Besonders schädlich für den Träger und die Umwelt sind jedoch schwarze Kleidungsstücke, wie sie Szenegänger so sehr lieben. Damit die Farbe lange auf der Faser hält, muß der Stoff mit schwermetallhaltigen Chemikalien behandelt werden. Die Abwässer sind in den Klärwerken nur schwer zu reinigen. Außerdem geraten Rückstände des Textilgifts beim Schwitzen über die Haut leicht ins Blut.

Umweltschützer raten kritischen Verbrauchern daher, Jeans und schwarze Kleidung zu meiden. Sie sollen möglichst wenige, aber hochwertige Kleidungsstücke kaufen. Das kommt vor allem großen Mode- und Bekleidungsherstellern entgegen.

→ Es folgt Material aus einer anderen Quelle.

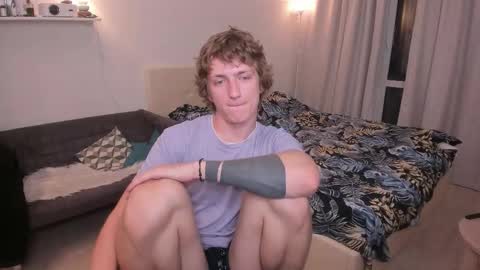 Snapshot of vince__dice chatting on October 17, 2025, 9:28 pm Dimoooooon online show from October 17, 2025, 9:28 pm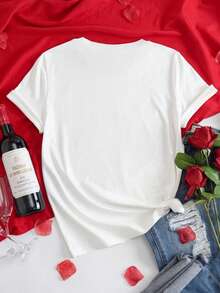 تي شيرت قصير الأكمام مخصص للمرأة بحجم كبير - قم بتخصيصه بتصاميم موضوع "أنا أحب"، أضف نصك الخاص، واختر الألوان والخطوط، وصمم تي شيرت مطبوع شخصي قصير الأكمام. مثالي للأعياد والعطلات، عيد الحب، هدايا مخصصة، الكرنفالات، عيد الفصح، وشهر رمضان. - أبيض - مشاهدة 3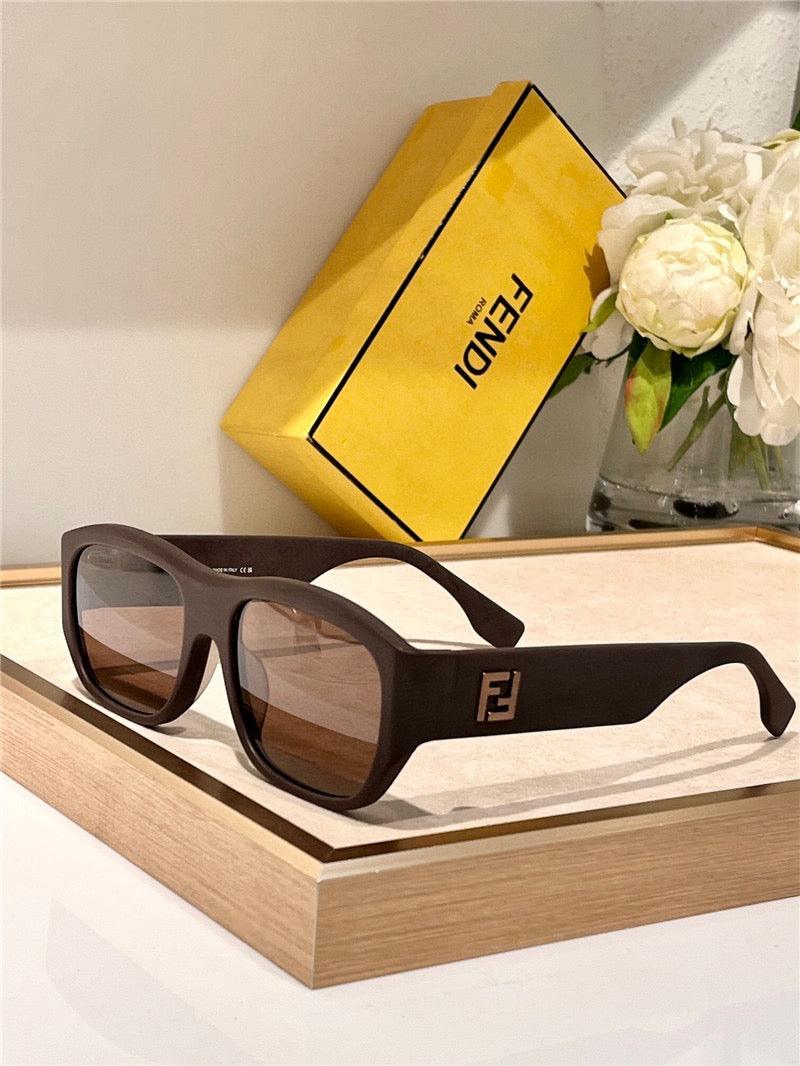 Fendi FE40117 Sunglasses Women's✨ - buyonlinebehappy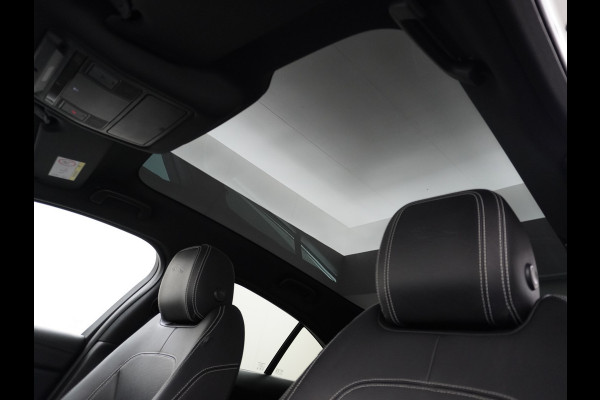 Jaguar I-PACE EV400 First Edition HSE 90kWh AWD Luchtvering Meridian®-Surround Audio Leder Memory Panoramadak 360°Camera Adap.Cruise Apple Car Lmv 22" DAB Bluetooth Led Stuur-Stoel-Achterbank-Voorruitverwarming Elek.Achterklep Zeer compleet, nieuwprijs €107.035 Origineel Nederlandse Auto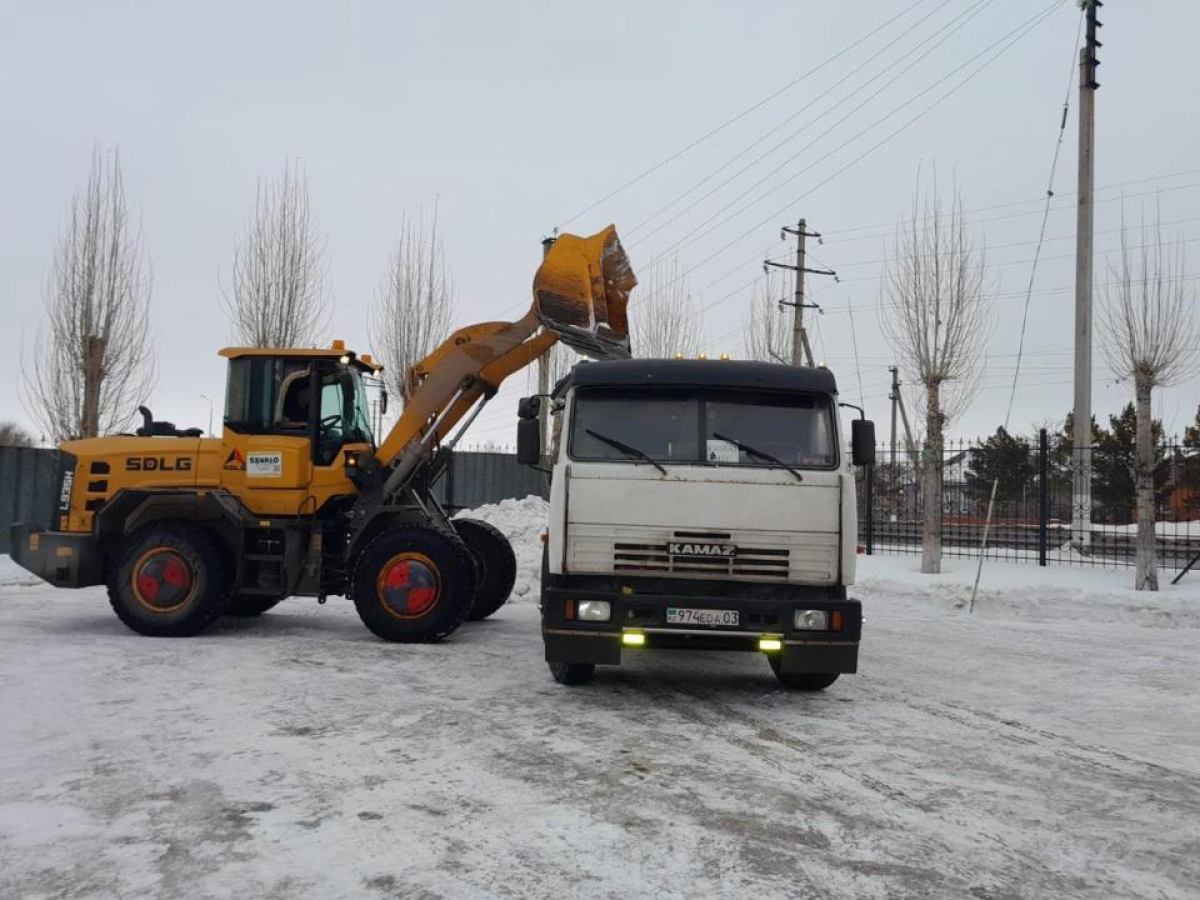 Около 1700 единиц спецтехники задействованы в снегоуборочных работах в Астане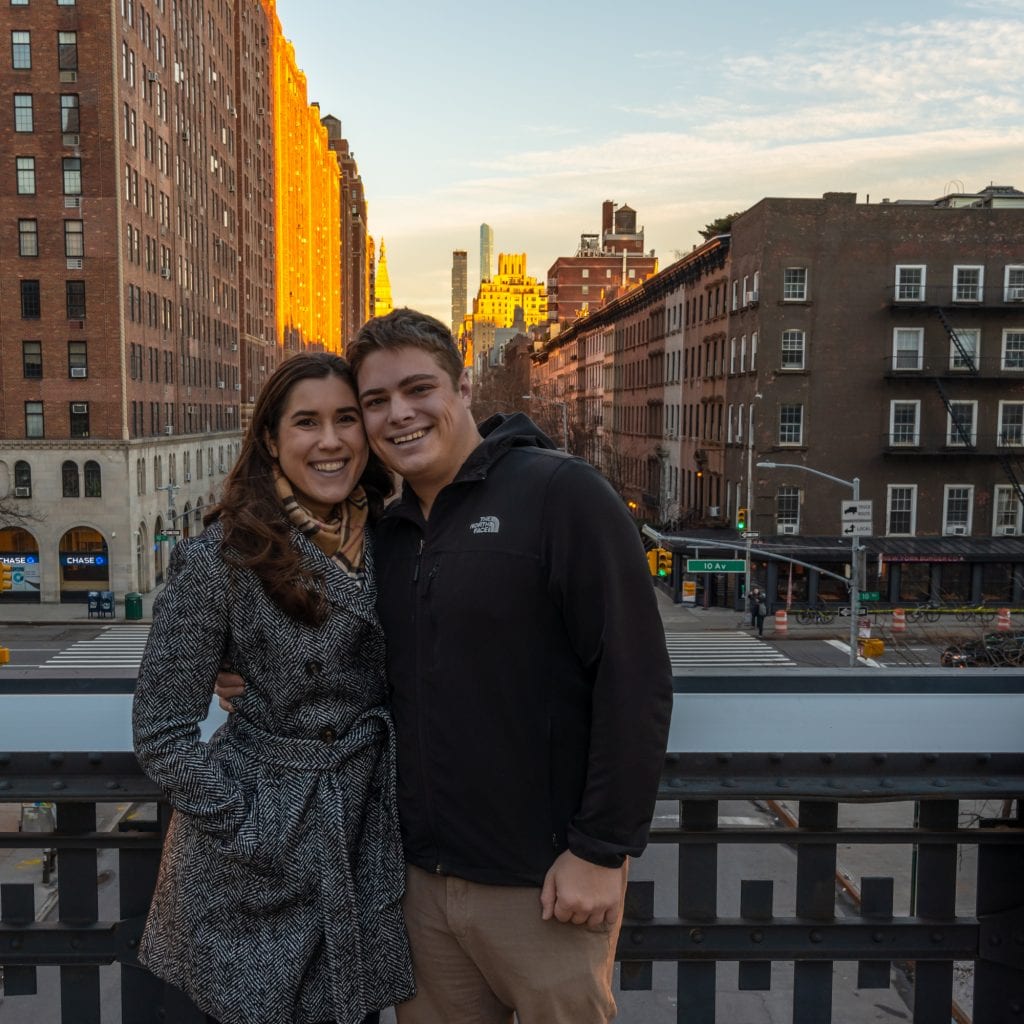 凯特·斯托姆和杰里米·斯托姆穿着冬装，在纽约的4天行程中微笑着站在切尔西高架线上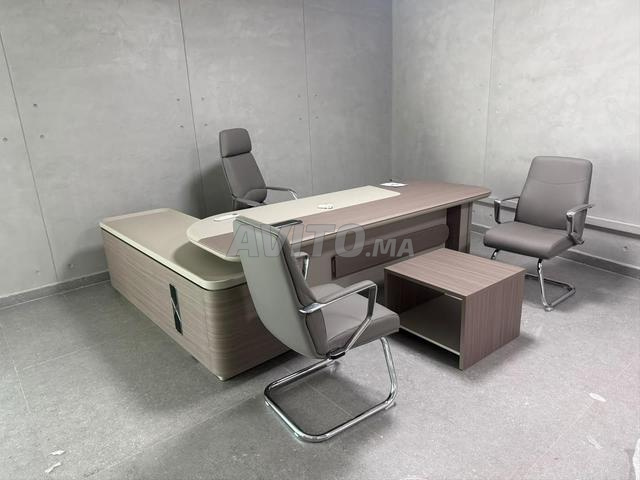Bureau pratique au design élégant et moderne - 2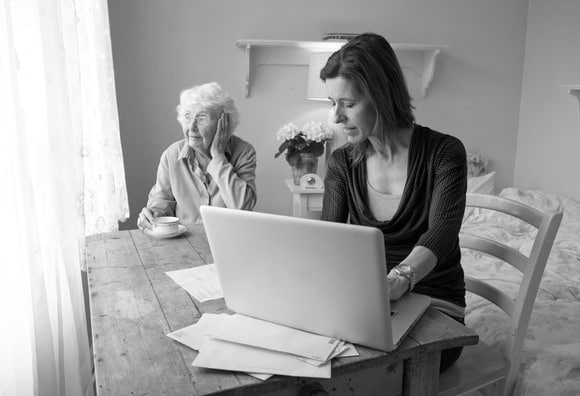 Salarié aidant familial : ce que l'entreprise inclusive peut mettre en place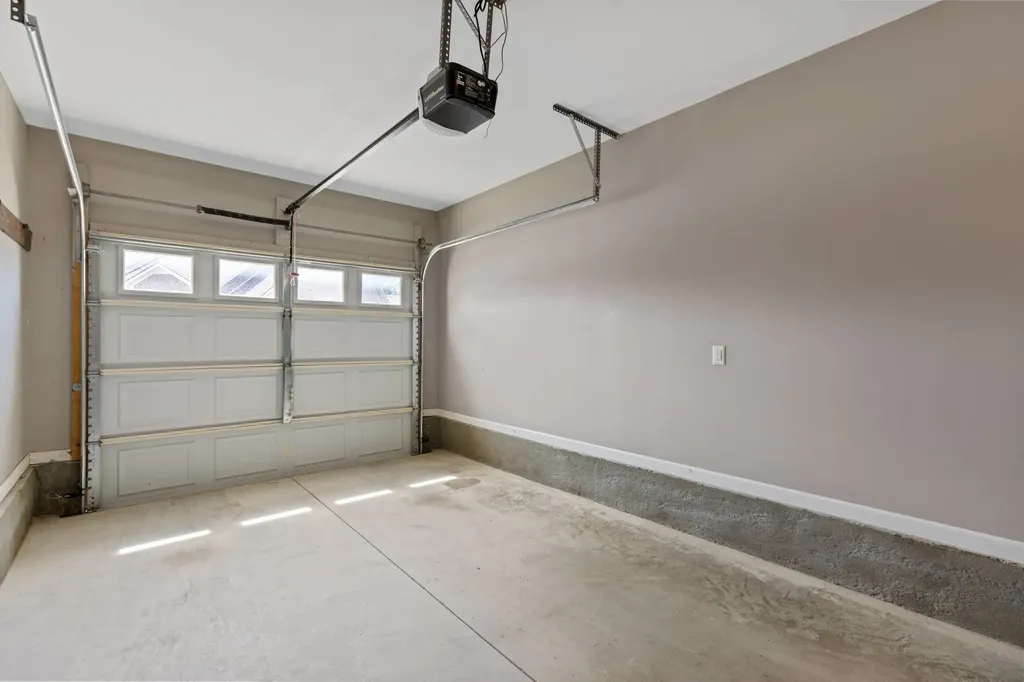 4022 Commons Drive Spring Hill TN 37174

Die ersten haben den neuen Trend schon für sich entdeckt.

Klaus Steilmann, Deutschlands größter Textilfabrikant, offeriert neuerdings Öko-Kleidung. Und der Bekleidungshersteller Esprit verkauft seit Februar in neun bundesdeutschen Geschäften eine 40teilige Öko-Kollektion - mit gutem Erfolg. Die Jeans, Shorts und Overalls werden ohne chemische Aufheller und Weichmacher hergestellt. Zum Färben verwenden die Textilpioniere Pflanzenextrakte. Den Grundstoff für Knöpfe bilden Altglas und Nüsse.